Here are some suggestions from the Lutheran School of Lexington.
To help smooth the transition back to school, it is important to get your child comfortable with being away from his/her parents.
Practicing separating and reuniting over the summer will help smooth your child's transition in to the new school year.
Below are a few exercises to practice to prepare your child for separation.
These activities will increase your child's comfort with separating and help them adjust to a new environment. These exercises can be found in the book:
I Break for Meltdowns by Michelle Nichlasen and Barbra O'Neal.
Please understand that these exercises are only suggestions to help your child adjust and relieve some stress or anxiety caused by separating from a parent, especially if your child has not attended a daycare or school environment.
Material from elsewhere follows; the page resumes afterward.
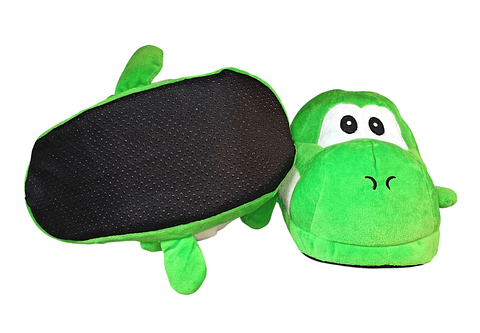 BABUCHAS PANTUFLAS YOSHI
- Decide on a short routine you will do with your child when he/she arrives at school. For example: read a book or work a puzzle for a few minutes then give your child a kiss or a hug and leave. Stick to this routine as long as you need to or until his/her drop-off anxiety decreases. Remember to arrive with enough time to perform the routine. However, some children do much better with a fast drop off and no lingering. For example: give one kiss or hug and leave.
- Do not look worried or stressed when you leave. When it is time to leave, give your child a kiss and say "I'll see you after the playground," or "I'll pick you up after the end of the day prayer," using a more specific time frame than the end of the day. Smile, wave, and leave. Do not sneak out. If he/she is crying, clinging, and won't let you go, then place them in the arms of a teacher.
- Try a role play drop off scene at home, pick a doorway and pretend it is the door to the classroom, have one parent play the teacher and the other play the parent.
- Review with your child what they should expect. Go through your mini routine all the way through saying goodbye. Knowing what to expect goes a long way.
- Talk about the benefits of school to your child. On the way to school if your child is pleading with you to stay home, it can be helpful to list all the things you need to do that day, or explain the benefits to staying at school.
- Children are resilient. Remember as sad as your child looks when you drop them off, most children snap back to a good mood just minutes after you leave.
- Help your child with play dates. If you will be transitioning your child to a new school, try to set up some play dates with a fellow classmate. Familiarity with a few friends will help your child feel more comfortable. Play dates are another opportunity to practice separating and reuniting.
- School Routine: Talk to your child about what will happen during their day, and review their daily schedule.
- Refrain from reentering the room or peeking in the windows. It causes more stress when your child sees you but is unable to go to you.